The Tech Sights mimic M1/AR15 aperture sights and even have separate flip up sights as well.

Finally, the sights just look really cool!

The only thing this rifle is lacking is a sling, but I hope to fix that soon. There are tons of after market stocks that would let us choose any number of ways to configure the rifle and some are extremely close to an AR configuration, but I am a sucker for wood and think that a traditional rifle setup is a better choice for beginning and experienced shooters. Plus, I really like wood.

Anyways, given the best price on ammo is $0.24/round for .223 and rising, the $0.02/round cost of .22LR is very economical. Additionally, the 22LR makes a far better starter round with it's zero recoil not to mention the .22lr can be used if needed for small game.

Oh, and did I mention that it is more accurate than my AR15?

What a beauty.

Sunday, January 21, 2007

A Nanny State for Your Child?

From the California Nanny State Battlefield comes this gem:

Cries rise over bill banning spanking in California


"The California Legislature is about to weigh in on a question that stirs impassioned debate among moms and dads: Should parents spank their children?

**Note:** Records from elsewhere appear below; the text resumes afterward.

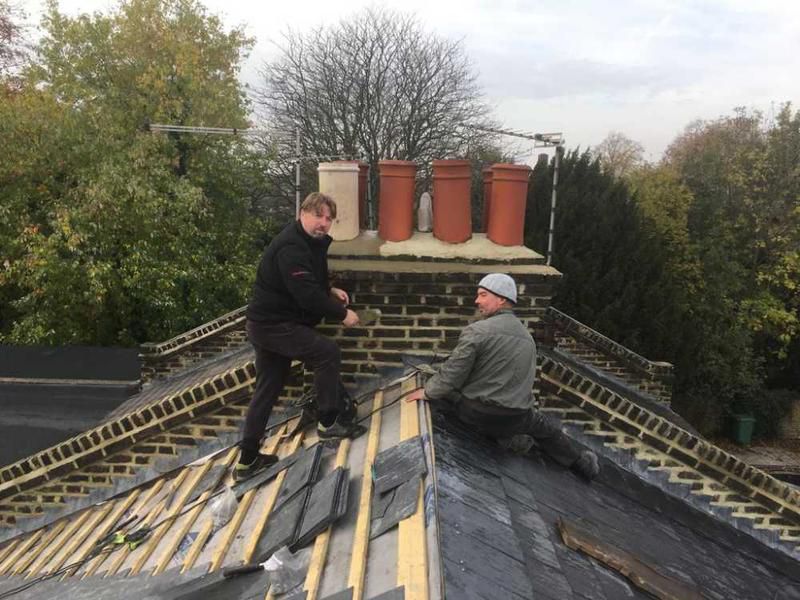D&R Roofing Experts are working on the roof of a house.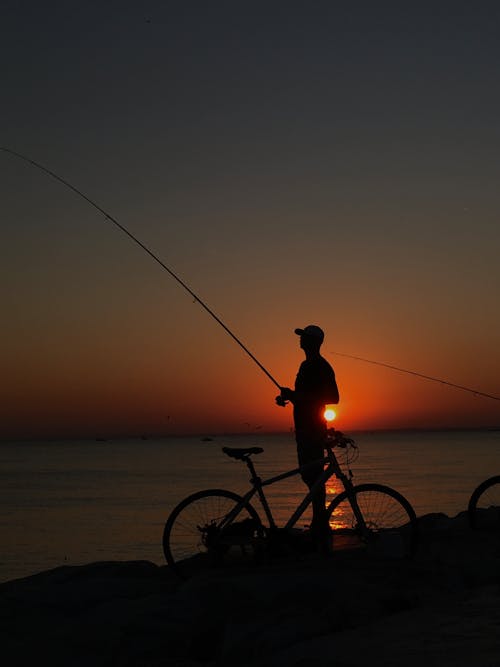 Free Silhouette of a Person Fishing on the Rocky Shore during Sunset  Stock Photo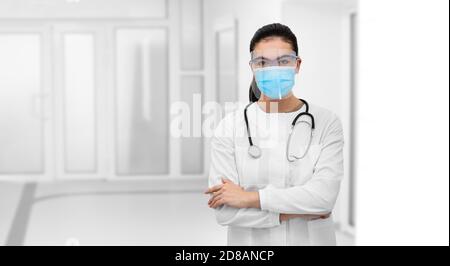 Vue de face d'une femme médecin de race mixte portant un écran de protection et un masque chirurgical, debout avec les bras croisés à l'hôpital de couloir Banque D'Images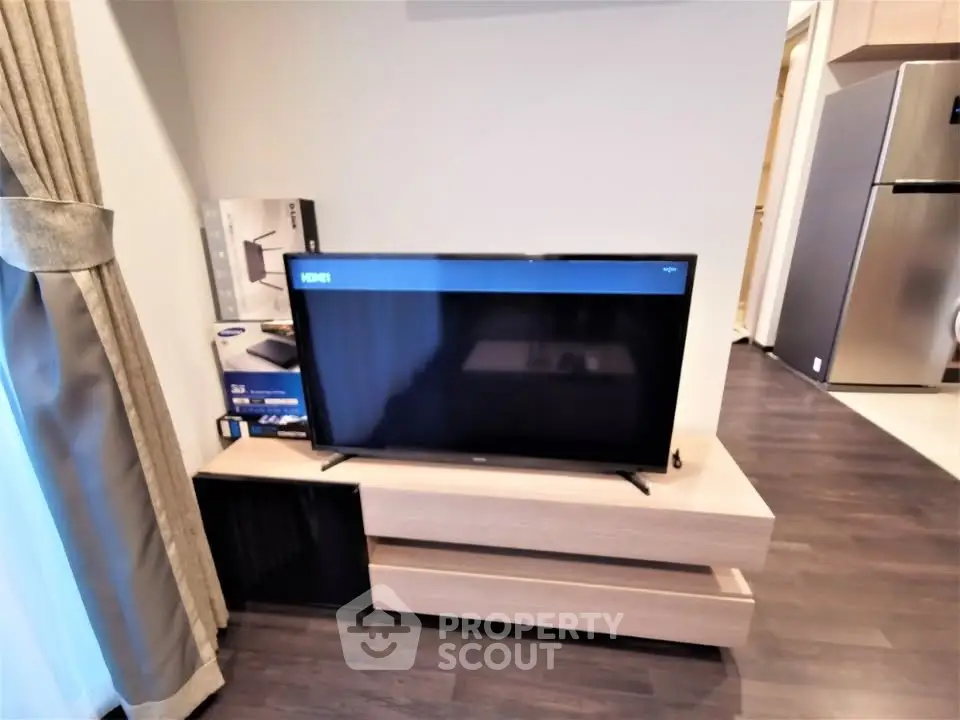 Modern living room with sleek TV setup and stylish wooden flooring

If legislation being drafted by a Mountain View lawmaker is approved, California would become the first state in the nation to explicitly ban parents from swatting their toddlers."

Oh, boy. The nanny state is at it again. The article points out that child raising experts are split on whether spanking works or not. Lawmakers point out that the law would be unenforceable. Parent point out that the legislature is "crazy".

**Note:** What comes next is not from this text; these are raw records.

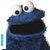 Blue furry monster with large white eyes and black pupils, open mouth showing dark interior, displayed in four with text overlays
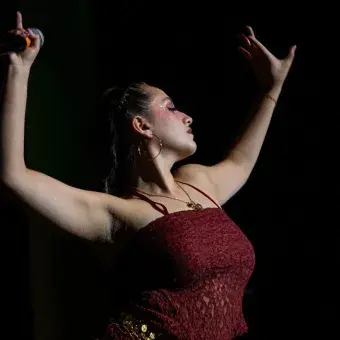 Mujer vestida de rojo sosteniendo ambos brazos en el aire en posición de belly dance. 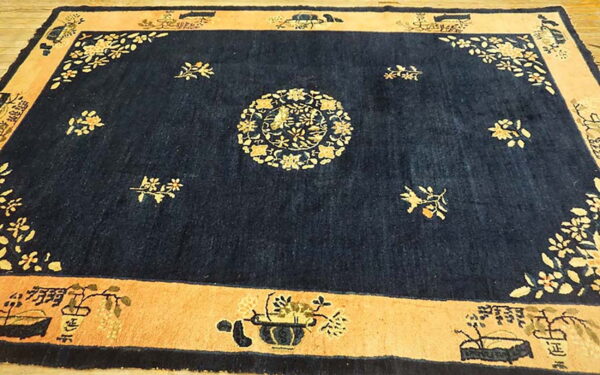 Dark blue rug with a light peach border and detailed gold botanical motifs lies on wood flooring.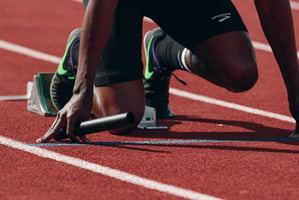 Track runner on a knee ready to start the race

But what is great is the logic behind the law:

"Why do we allow parents to hit a little child and not someone their own size?" asked Nazario, a professor at the University of San Francisco Law School. "Everyone in the state is protected from physical violence, so where do you draw the line? To take a child and spank his little butt until he starts crying, some people would define that as physical violence."

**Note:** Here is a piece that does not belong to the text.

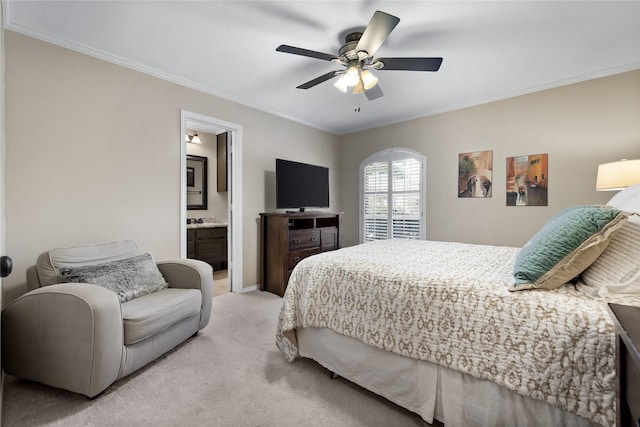 bedroom with ceiling fan, light colored carpet, ornamental molding, and ensuite bath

Logic : I think => Some think => All people must agree by statue of law.

Add to that: Everyone in the state is protected from physical violence...

Another person sure of their safety and ready to extend their fantasy to you and yours, by rule of law.

So what makes the lawmaker behind the law such a child raising expert?

"For the record, Lieber said, she does not have children and says she was not slapped as a child. But she does have a cat named Snoop, which her veterinarian told her never to hit."

How could I have guessed?

Friday, January 19, 2007

No More AK: Go AR15!

Well, so much for the AK. I got a call from The Exchange. They said that they had looked at my AK and compared it to all the others there and mine was the best after all. "What can you expect? It's an AK!" they said. They kindly helped me and after much consideration I went with an AR Carbine. And it seems to be a good move.

I picked it up today from my FFL, traded in my AK ammo for some stuff I could actually use, and looked over the new carbine. Let me first note two key things: it is straight, and it is light. The first is no surprise. The second is. I mean, this thing is 2.5 pounds lighter than the AK underfolder. You can feel it. Also, the stock is fully functional in the collapsed stated and is no more troublesome than the collapsed AK. EXCEPT YOU CAN UNFOLD IT WITHOUT USING YOUR RIGHT HAND! Sweet...

Maneuvering in tight quarters looks easy with it, and even thought the barrel is very short on it, accuracy should be better than an AK (we will see).

I do have to note here that I will miss my AK's and am reluctantly "switching teams". I like the AK mechanisms and the sloppiness of function that leads to the superb reliability of the whole system. I also like the larger round. (The latter could be fixed with a larger barrel/upper if I wanted to go to a 6.8mm setup later).

So, frankly, while I have betrayed Team AK and now have an AR, I have been forced to do it due to poor manufacture and limited funds.